TASK INPUTS >>
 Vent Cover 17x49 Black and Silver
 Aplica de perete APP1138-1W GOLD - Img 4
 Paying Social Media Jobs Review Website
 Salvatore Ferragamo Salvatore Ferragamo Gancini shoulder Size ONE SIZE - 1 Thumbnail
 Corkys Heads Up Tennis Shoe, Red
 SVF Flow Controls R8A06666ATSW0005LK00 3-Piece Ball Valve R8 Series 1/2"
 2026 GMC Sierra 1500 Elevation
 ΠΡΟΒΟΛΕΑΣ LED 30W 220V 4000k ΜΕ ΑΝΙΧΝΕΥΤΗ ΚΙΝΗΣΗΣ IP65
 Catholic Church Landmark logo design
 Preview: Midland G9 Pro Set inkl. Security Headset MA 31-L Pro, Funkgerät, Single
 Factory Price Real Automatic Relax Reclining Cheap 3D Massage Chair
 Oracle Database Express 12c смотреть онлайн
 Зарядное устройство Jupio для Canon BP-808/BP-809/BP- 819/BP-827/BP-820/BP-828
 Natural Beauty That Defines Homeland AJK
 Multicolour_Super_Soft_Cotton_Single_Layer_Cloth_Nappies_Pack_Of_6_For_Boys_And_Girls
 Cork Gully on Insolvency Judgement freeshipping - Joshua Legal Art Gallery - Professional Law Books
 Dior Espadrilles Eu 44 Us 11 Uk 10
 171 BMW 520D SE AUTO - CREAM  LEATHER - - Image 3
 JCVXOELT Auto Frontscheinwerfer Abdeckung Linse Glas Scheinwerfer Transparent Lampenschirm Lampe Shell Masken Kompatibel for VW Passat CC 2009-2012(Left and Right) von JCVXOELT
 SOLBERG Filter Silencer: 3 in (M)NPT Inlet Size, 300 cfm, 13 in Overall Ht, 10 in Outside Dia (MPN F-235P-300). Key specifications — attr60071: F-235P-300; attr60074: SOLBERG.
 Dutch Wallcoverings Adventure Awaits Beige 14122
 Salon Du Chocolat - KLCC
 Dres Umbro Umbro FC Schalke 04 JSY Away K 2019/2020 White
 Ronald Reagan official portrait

WORK REQUIRED >>
Would you write out the full set of records above without alteration?

RESPONSE BELOW >>
 Vent Cover 17x49 Black and Silver
 Aplica de perete APP1138-1W GOLD - Img 4
 Paying Social Media Jobs Review Website
 Salvatore Ferragamo Salvatore Ferragamo Gancini shoulder Size ONE SIZE - 1 Thumbnail
 Corkys Heads Up Tennis Shoe, Red
 SVF Flow Controls R8A06666ATSW0005LK00 3-Piece Ball Valve R8 Series 1/2"
 2026 GMC Sierra 1500 Elevation
 ΠΡΟΒΟΛΕΑΣ LED 30W 220V 4000k ΜΕ ΑΝΙΧΝΕΥΤΗ ΚΙΝΗΣΗΣ IP65
 Catholic Church Landmark logo design
 Preview: Midland G9 Pro Set inkl. Security Headset MA 31-L Pro, Funkgerät, Single
 Factory Price Real Automatic Relax Reclining Cheap 3D Massage Chair
 Oracle Database Express 12c смотреть онлайн
 Зарядное устройство Jupio для Canon BP-808/BP-809/BP- 819/BP-827/BP-820/BP-828
 Natural Beauty That Defines Homeland AJK
 Multicolour_Super_Soft_Cotton_Single_Layer_Cloth_Nappies_Pack_Of_6_For_Boys_And_Girls
 Cork Gully on Insolvency Judgement freeshipping - Joshua Legal Art Gallery - Professional Law Books
 Dior Espadrilles Eu 44 Us 11 Uk 10
 171 BMW 520D SE AUTO - CREAM  LEATHER - - Image 3
 JCVXOELT Auto Frontscheinwerfer Abdeckung Linse Glas Scheinwerfer Transparent Lampenschirm Lampe Shell Masken Kompatibel for VW Passat CC 2009-2012(Left and Right) von JCVXOELT
 SOLBERG Filter Silencer: 3 in (M)NPT Inlet Size, 300 cfm, 13 in Overall Ht, 10 in Outside Dia (MPN F-235P-300). Key specifications — attr60071: F-235P-300; attr60074: SOLBERG.
 Dutch Wallcoverings Adventure Awaits Beige 14122
 Salon Du Chocolat - KLCC
 Dres Umbro Umbro FC Schalke 04 JSY Away K 2019/2020 White
 Ronald Reagan official portrait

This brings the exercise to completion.